Dito isto, A intentou a ação com objetivo de anular a decisão disciplinar punitiva proferida por S.ª Ex.ª o General «CEME» (ato administrativo), em 17.05.2010, que negando provimento ao recurso hierárquico necessário por si interposto manteve a punição de 10 dias de suspensão de serviço aplicada pelo despacho punitivo de 22.02.2010 do MGEN Comandante da Brigada de Intervenção.

A, fundamentou a sua ação afirmando que não existiam provas suficientes para a decisão, e a mesma não respeitou vários princípios consagrados no CPA.

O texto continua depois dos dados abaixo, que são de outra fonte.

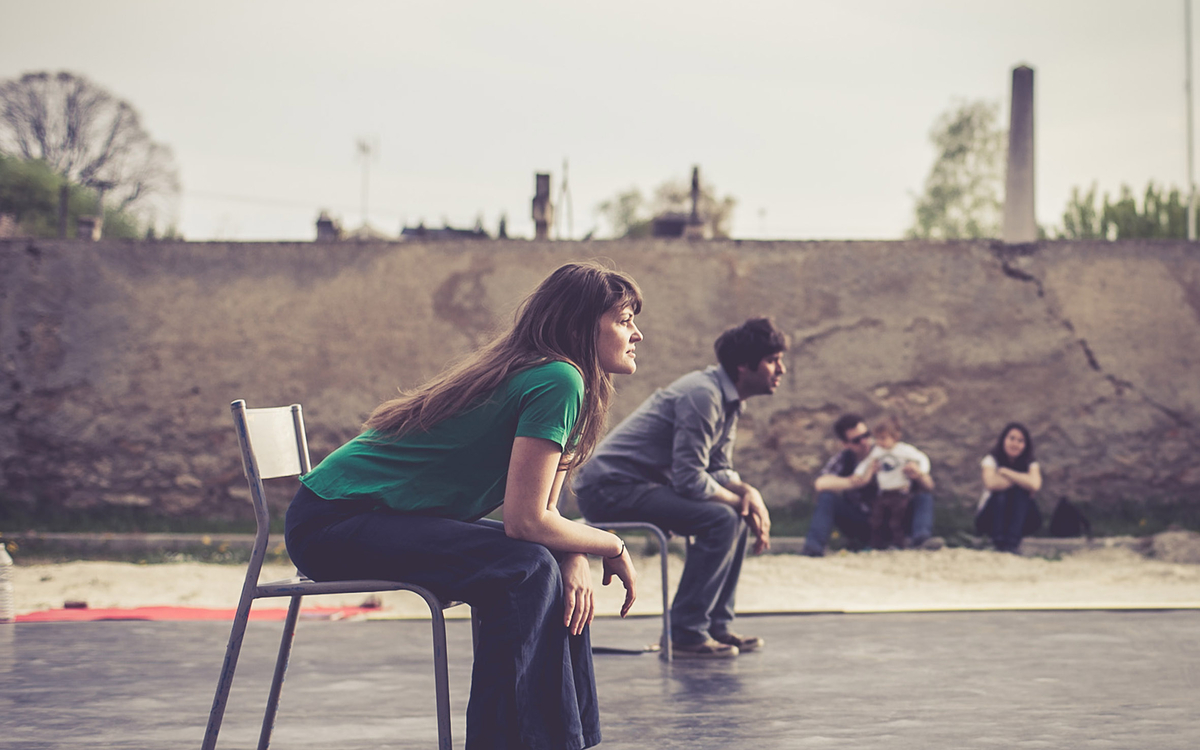 C’est une rencontre : un comédien se fait porte-parole d’une danseuse, jeune femme et citoyenne. Celle-ci laisse circuler les mots autour d’elle et en prend parfois quelques-uns à bras le corps.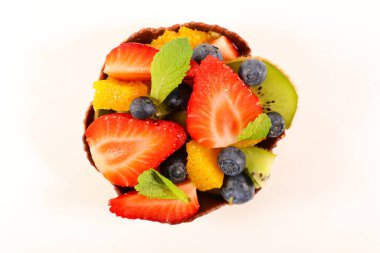 Beyaz arkaplanda taze meyve salatası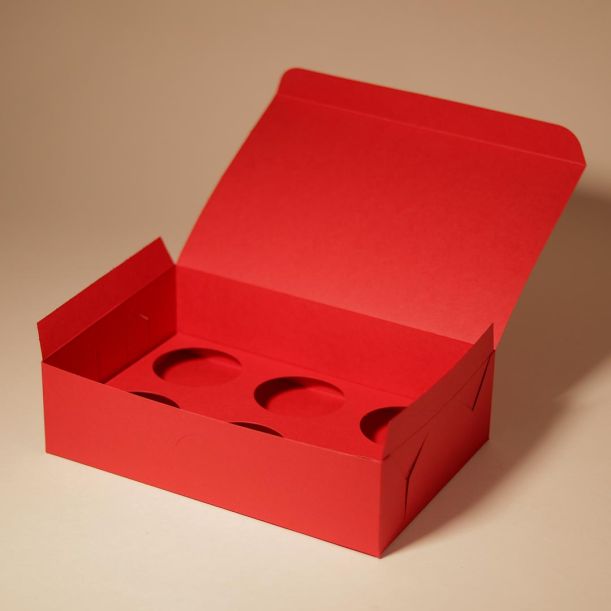 4 червени подаръчни кутии за 6 кексчета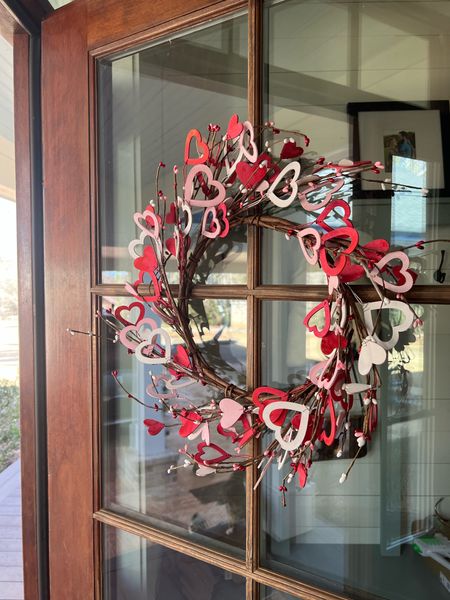 This new wreath 😍
#competition #valentinesday 

#LTKSeasonal #LTKhome #LTKFind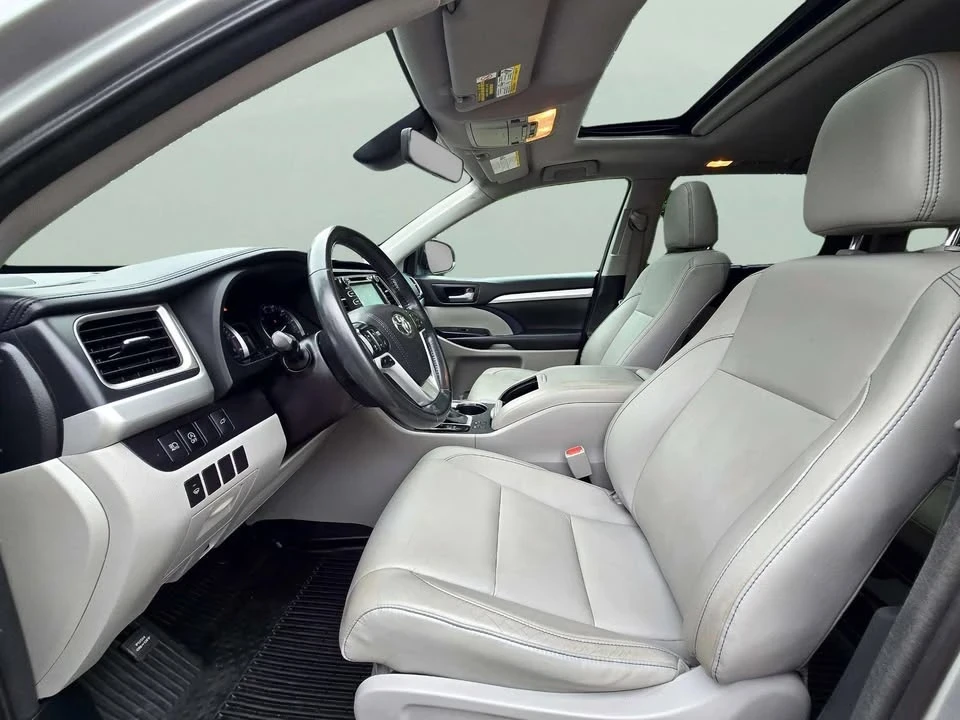2017 Toyota Highlander - Image 11 of 20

A decisão final de um determinado procedimento administrativo deve, pois, assentar em pressupostos de facto e de direito corretos e tidos como verificados, e de acordo com A, isso não se verifica neste caso em concreto visto haver um desacerto quanto à análise dos elementos probatórios recolhidos nos autos visto inexistir factualidade/prova suficiente que logre estabelecer uma conduta ilícita e culposa a si imputável. 

Para esta situação importa ter em atenção o regulamento dos militares e o código de processo administrativo.

            O artigo 3/1 do RDM atribui poder de auto-organização ou de autodisciplina e que só pode ser exercido sobre pessoas que se encontrem numa especial situação de sujeição e que, por causa dela, ficam vinculados à observância de certos deveres do bom funcionamento da instituição/serviço, dito isto, o militar tem que se sujeitar aos seus superiores hierárquicos, e estes, em casos de desobediência ou não respeito pelos deveres ou princípios estabelecidos pelo regulamento, podem autonomamente estabelecer sanções a quem infringir os estatutos, visto que a um militar é exigível um comportamento cauteloso visto encontrar-se no quadro duma relação jurídica de vínculo público em que o mesmo é um dos seus sujeitos. Neste caso, A estava a conduzir uma viatura militar quando sofreu o acidente, dadas as circunstancias, e com base na responsabilidade disciplinar, este tinha que adotar certos comportamentos para que não pusesse em perigo a si nem os demais utilizadores da via, e é isso que será analisado pelo acórdão.
             
            De acordo com o artigo 115 do CPA, cabe ao responsável pela direção do procedimento procurar averiguar todos os factos que lhe permitam tomar uma decisão adequada e citando o acórdão do STA de 07.06.2005 (Proc. n.º 0374/05) a “… «prova dos factos integrantes da infração disciplinar cujo ónus impende sobre a entidade administrativa que exerce o poder disciplinar, através do instrutor do processo, tem de atingir um grau de certeza que permita desferir um juízo de censura baseado em provas convincentes para um apreciador arguto e experiente, de modo a ficar garantida a segurança na aplicação do direito sancionatório». A afirma que não existiram provas suficientemente fortes para se fazer o juízo de censura de forma correta e certeira, e nos casos de incerteza decide-se a favor do arguido, e a isto acrescenta-se o principio “NULLA POENA SINE CULPA”, ou seja, sem culpa não há pena.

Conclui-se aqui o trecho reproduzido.